All of the Coen brothers’ movies, from Blood Simple (1984) to Hail Caesar! (2016) are basically comedies that fall somewhere on two spectrums: the spectrum of blackness, and the spectrum of absurdity. This anthology will give the uninitiated a good primer on the full range of both. The deceptively polite, singin’ gunslinger of the movie’s title provides wicked shootout fun, while Zoe Kazan’s Miss Longabaugh is in a love story that takes a tragic turn. More stars appear in varied shades of likability: James Franco as an unlucky bank robber, Liam Neeson as a Machiavellian showman, Tom Waits as a crusty gold miner. Sometimes the situations are quietly reflective, sometimes giddily funny, sometimes poignantly grim.
The real frontier in this world, though, is the edge of existence itself. Pointless, inevitable death without glory is the theme that unites these stories. And while we may hesitate to finally brand the Coen brothers nihilists – they seem to enjoy the excruciating wonder of existence too much – their past ambivalence about spiritual matters here gives way to decisive and rather bleak atheism. This is less Fargo (1996) and more A Serious Man (2009).

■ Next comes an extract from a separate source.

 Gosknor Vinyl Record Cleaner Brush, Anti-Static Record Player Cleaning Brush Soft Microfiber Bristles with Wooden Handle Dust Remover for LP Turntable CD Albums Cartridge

The heart of the collection, and the strongest story, is the segment called Meal Ticket. Neeson as a bedraggled, terse entertainer tours the frontier in his wagon and presents a show for a sparse public that is sometimes awed, sometimes indifferent. His entertainment is an armless, legless actor who skilfully recites Shakespeare, Lincoln and the Bible at levels of primal passion that reach heartrending heights. (The true actor here is the incredible Harry Melling, best known as Dudley Dursley in the Harry Potter films.) Utterly dependent on his unfeeling handler, the exploited actor’s situation feels like a metaphor for the human condition wrought as Samuel Beckett might have done: this is the sad irony of theatre of the absurd.
So, The Ballad of Buster Scruggs feels a little like a side project for the Coens, but it reads like a succinct manifesto of their philosophies. We’re all just here for a brief moment, wretched players on a stage, strutting and fretting in the vain hope that in the end fate might treat us kindly.
The Ballad of Buster Scruggs is now streaming on Netflix.